Exercise requirements: Copy, word for word, the lines below from the one containing "El vicepresidente de" up to and including the one containing "Architects | Nick Guttridge", with pictures left out.

Exercise input:
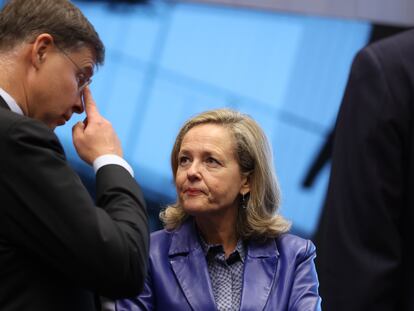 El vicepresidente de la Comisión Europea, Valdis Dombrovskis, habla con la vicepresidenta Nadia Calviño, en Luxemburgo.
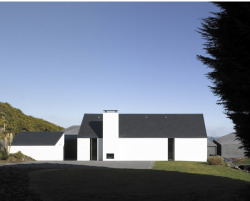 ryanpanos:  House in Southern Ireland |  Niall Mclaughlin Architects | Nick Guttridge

---

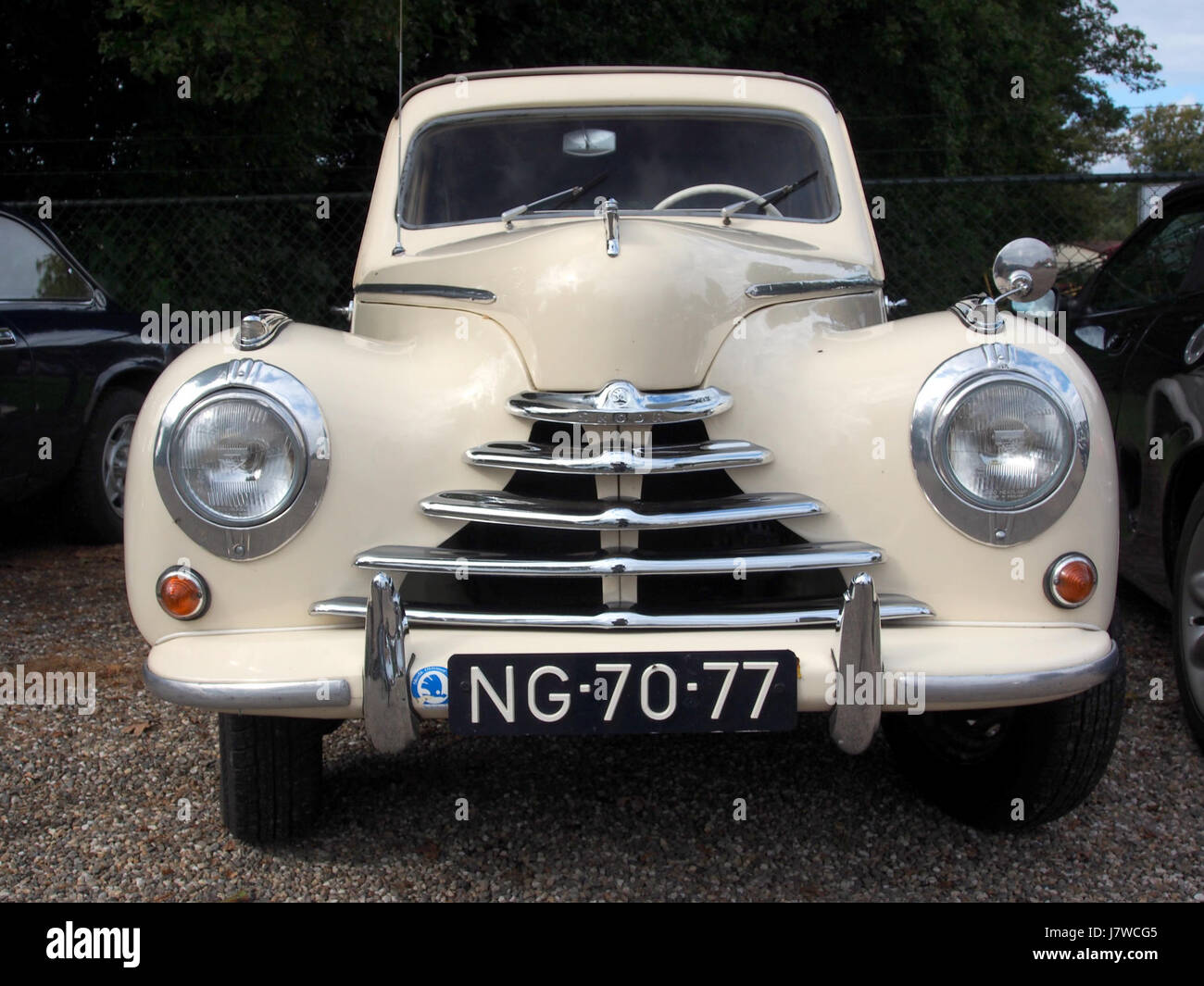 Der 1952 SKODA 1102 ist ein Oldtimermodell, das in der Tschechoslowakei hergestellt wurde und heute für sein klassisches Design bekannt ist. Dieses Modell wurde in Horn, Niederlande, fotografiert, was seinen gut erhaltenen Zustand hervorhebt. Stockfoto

* * *

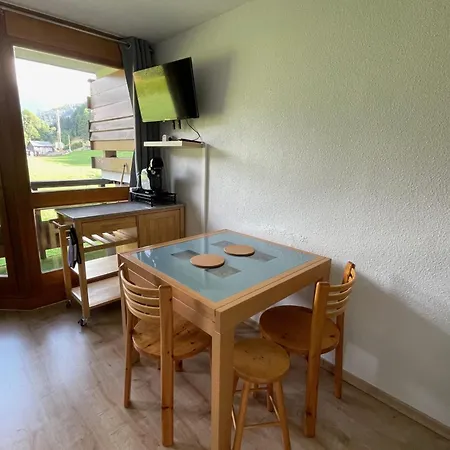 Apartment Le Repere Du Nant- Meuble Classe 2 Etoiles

Result of this task:
 El vicepresidente de la Comisión Europea, Valdis Dombrovskis, habla con la vicepresidenta Nadia Calviño, en Luxemburgo.
 ryanpanos:  House in Southern Ireland |  Niall Mclaughlin Architects | Nick Guttridge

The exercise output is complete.